Clarifying Which Training Error (Train vs. Eval Mode) to Use for Bias–Variance Decomposition

Hi everyone,

I’m studying Batch Normalization, but I am have some difficulty understanding how to calculate the bias and variance.

What I’ve learned so far:

  1. Bias ≈ (training error) − (Bayes error), where Bayes error is the irreducible error (e.g. approximated by human performance on the same task).
  2. Variance ≈ (validation error) − (training error).

The confusion:

  • During training, we run the model in train mode:
    • BatchNorm uses each mini-batch’s mean/variance
    • Dropout is active
    • This gives us the train-mode error that guides weight updates.
  • During evaluation (dev/test), we switch to eval mode:
    • BatchNorm uses the running mean/variance
    • Dropout is disabled
    • This gives us the eval-mode error that reflects real-world inference.

So there are two different “training errors”:

  1. Train-Mode Error – computed in model.train() with batch stats & dropout
  2. Train-Eval Error – computed in model.eval() on the training set using running stats & no dropout

My question is:

For the bias–variance decomposition, which of these two training errors should be used as “training error”?

  • If I use train-mode error, it includes regularization noise (dropout/Bn fluctuations), so it seems above the true representational capacity of the model.
  • If I use train-eval error, it mirrors the inference conditions and should lie closer to the model’s best achievable error (i.e. closer to Bayes error).

Intuitively, I think both bias and variance should be measured in eval mode, so that:

  • Bias = train-eval error− Bayes error
  • Variance = validation error − train-eval error

This way, I’m comparing “apples to apples” for both train and dev/test.
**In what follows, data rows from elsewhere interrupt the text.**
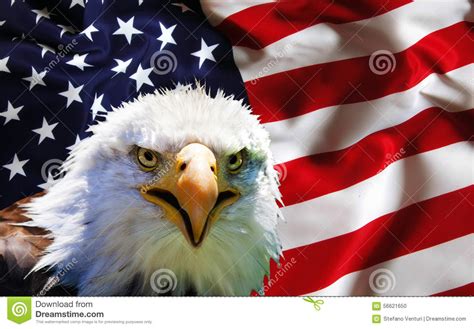 North American Bald Eagle On American Flag Stock Photo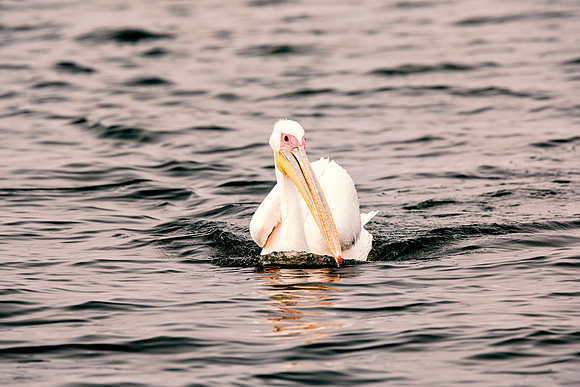 Pelican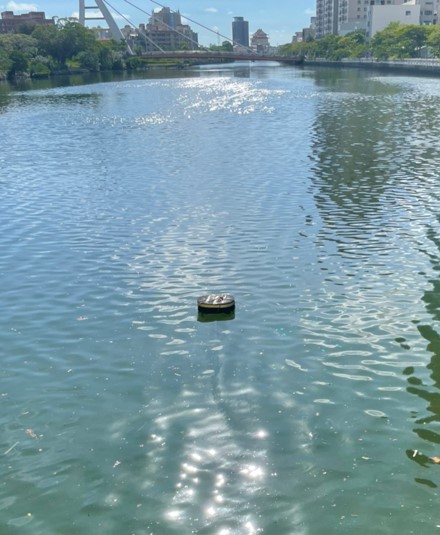 實際應用場域 1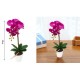Τεχνητό Φυτό Πολύχρωμο σε γλάστρα 48cm ForHome 921531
But I’ve also seen advice that suggests using the train-mode error to gauge variance.

Can anyone explain :

  1. Which of these training errors is correct to use for bias and for variance, and
  2. Why the standard practice chooses one over the other?
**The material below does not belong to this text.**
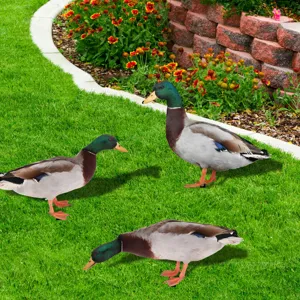 Vue détaillée de piquets de jardin canards colverts réalistes pour la décoration extérieure.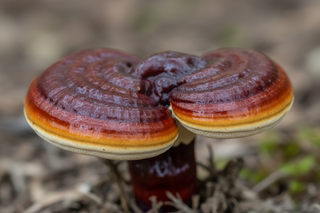 close up Reishi mushroom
Thanks in advance for clarifying this subtle but crucial point!

Yes, this is a perceptive and important question. When we are actually evaluating the performance of the model, it is always done in “inference” mode not training mode, exactly for the reason you mentioned: you don’t want the additional noise from regularization included in the results. The point of regularization is that it affects how the training works and thus gives us different weight values that we’d get without it. But then when we want to see how the resulting model performs, we run it in “plain vanilla” inference mode: just forward propagation without any regularization.

As I’m guessing you already realize, when Prof Ng talks about “training error”, he just means the prediction errors on the training data, but in inference mode. And “test error” or “validation error” just means the prediction errors using the test or validation datasets.

One other subtlety perhaps worth mentioning is that the word “variance” has a number of different meanings. When he talks about “bias versus variance”, the variance there means something different than the mean and variance used in Batch Norm. In the Batch Norm case, it’s the usual statistical meaning of variance, which is a well-defined metric.